Friday, April 27, 2012

Sick of it

I hate diabetes the most when I'm sick.  Not only do I feel rotten because I'm achy and stuffed up, but my blood sugars run so high.  After seeminly endless fiddling with my basal and bolus and a couple stable readings, I start experiencing the lows that indicate the virus has run it's course and I'm back to my normal ratio.  Grrr diabetes!

Wednesday, April 25, 2012

Bit by bit

I relish mornings like this one.  Mornings when it's time to switch out both my pump and my sensor.  Pump every 3 days, sensor every 7.  So about once a month, there's a morning where I have no electronic bits anywhere on my body for thirty minutes or so.  I love lathering up and drying off without needing to navigate around these devices.  Even better is stepping on to the bathmat and looking in the mirror and seeing just skin.

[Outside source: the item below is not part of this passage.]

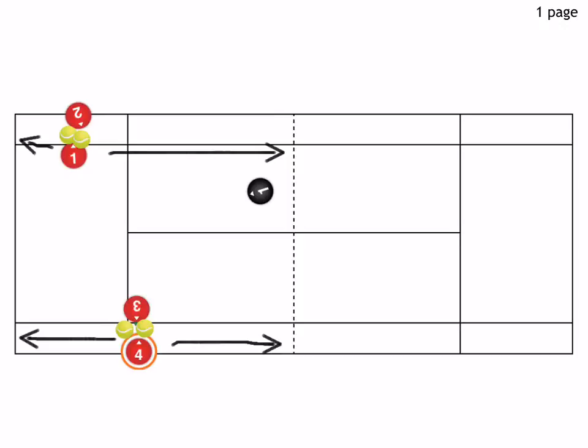So each hand squeezes a ball against their partner's hand, and while they're having these two balls squeezed against the other player's hands...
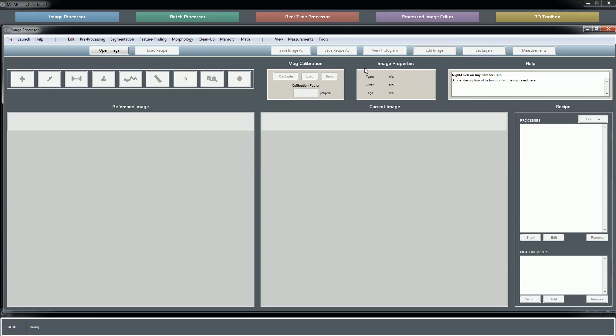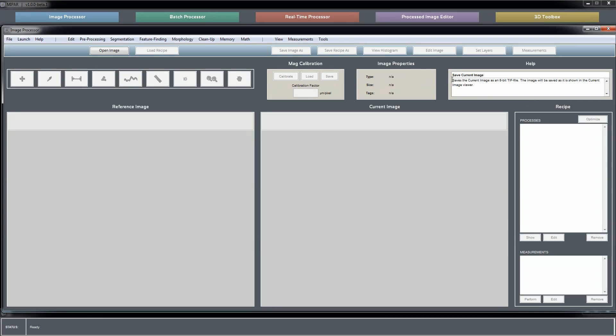Here we have our panel where various image properties are shown. Again, we'll get into this a bit more later, and here's our integrated help box for the image processor. These help boxes are present in the three heavily interactive applications of MIPAR: the image processor, the processed image editor, and the 3D toolbox. Right-clicking on any user interface element will flash a border around it and indicate a bit of help text as to what it does and what it's used for.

Then I insert my sensor, fill, prime, and adhere my pump, and head out the door.  

Saturday, April 21, 2012

Free(dom) Weights

A lot has changed since July 2011.  Scrutinizing food labels for sources of added sugar.  Racing my liver in the early morning to see which one of us can get glucose into my bloodstream the quickest.  RL had told me that my early morning highs when I delayed breakfast were the result of my liver detecting minimal blood glucose and dumping its reserves into my bloodstream.  Praying, deep breathing, doing anything to maintain a state of relaxation and keep my body's fight or flight response - and the associated glucose release - at bay.

But what I miss most about my life before Type 1 diabetes is the freedom to run, lift weights, stretch, crunch, and twist whenever I'd like to.  To push myself for however long I can withstand it.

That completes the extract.